Drug dealer would say when the drugs were ready or had arrived, "The eagle has landed."
When one of the students was asking for heroin she would use "horse or junk."
The text messages on your child’s phone look innocent enough. “I want a Ben and Jerry’s.” “Is Lori in town?” “I’m fixing a BLT.” “I want a Bean Burrito.”
Most parents would assume the teenager is going for an ice cream, looking for their friend Lori, making a bacon, lettuce, and tomato sandwich, but decides on a bean burrito instead. Right? Wrong.
The text messages actually mean “I want ice (crystal meth),” “Is there any Lorcet?,” “I’m fixing a blunt” and “I want an Ecstasy.”
“With a 2008 study showing four out of five teens carry a wireless device and 47 percent of them reporting that they can text with their eyes closed, we as parents must have our eyes wide open to code names for illicit drugs as we educate ourselves about drug use among our youth,” said Robert Mooney, M.D., addiction psychiatrist for Willingway Hospital in Statesboro.
As part of September 2010 National Alcohol and Drug Addiction Month, Willingway Hospital will partner with the Statesboro Police Department to sponsor a community forum on Thursday for interested parents, educators, youth pastors and counselors.
Treatment professionals and representatives from the Statesboro Police Department will educate the community about how teens use mobile messaging to communicate about drugs, the signs of alcohol and drug use in young adults and trends of drug use and abuse in Statesboro.
“Even before electronic messaging, it was difficult for parents to ask specifically about their child’s behavior,” Dr. Mooney said. “Parents have always been the last to know. But now parents are behind the eight ball because they tend to be fairly naïve about electronic devices and technology which adds to the difficulty in addressing this. Parents don’t need to be cyber spies or cyber police, but need to continue to be highly involved in their children’s lives in an electronic age.”

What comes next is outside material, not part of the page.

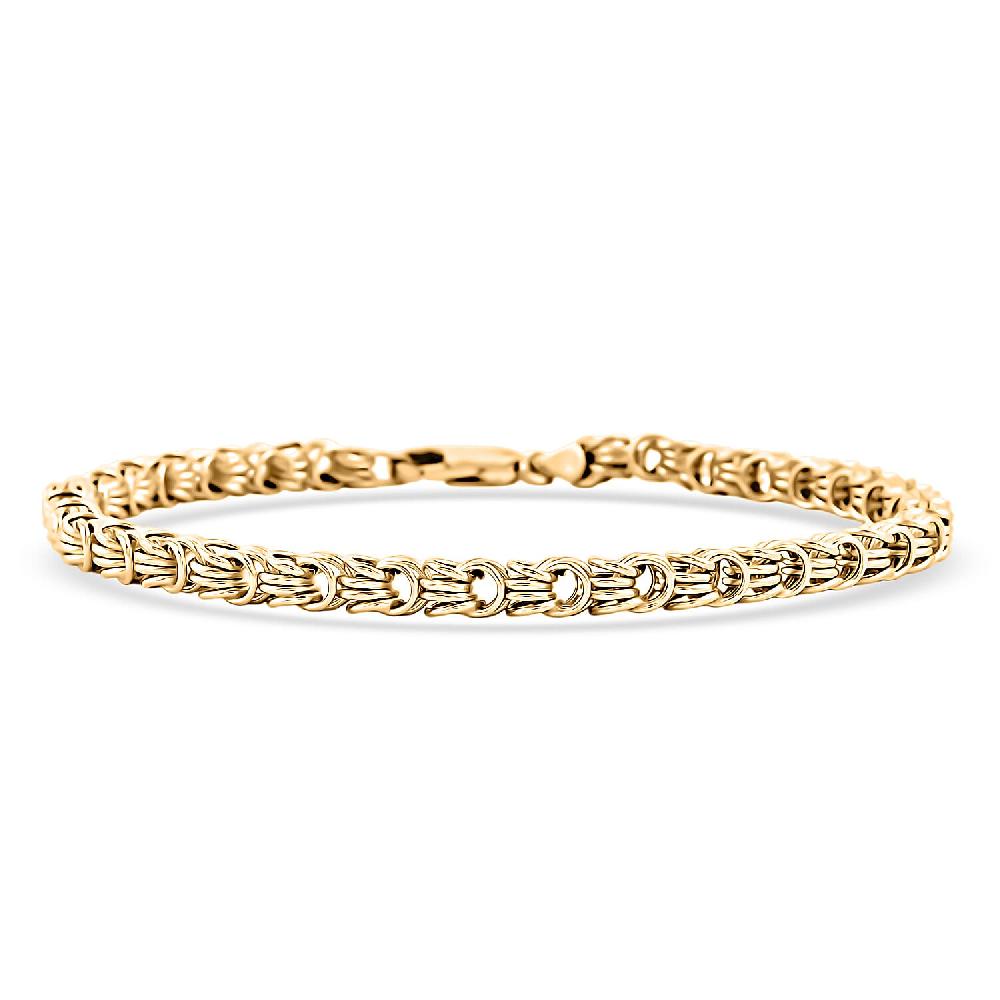 shop lc Italian Byzantine Links Chain Bracelet in 10K Yellow Gold (7.50 In) 4.60 Grams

“Mothers and fathers need to be very aware of what’s going on with their child’s computer,” said Scott Brunson, captain of the Criminal Investigative Division of the Statesboro Police Department. “In addition to shortcut language and slang terms, the internet provides ample information on how to make crack, how to manufacture methamphetamines, and how to beat a drug test.”
Often though, drugs that are being misused come right from the unknowing parents.
“A lot of drugs that are in the home medicine cabinet have a value in cyber space. Social networking provides an avenue to find a drug a lot easier,” Dr. Mooney said. Instead of going from person to person, one at a time, a child can send out a Facebook message to hundreds at one time to check out other parents’ medicine cabinets.
Both professionals see a great disconnect between parents and children and too many parents choose not to get involved.
“Parents in our society today don’t want to offend their children and don’t want their children to think they don’t trust them,” Brunson said.
“As our Baby Boomer generation struggles to decipher the shortcut texts and messages pervasive in our youth, the need for face-to-face contact increases with the growth of electronic social networking,” he said.
“Parents need to recognize they still have control over the electronic phenomenon,” Dr. Mooney said. “We want to empower parents to disempower the electronics.”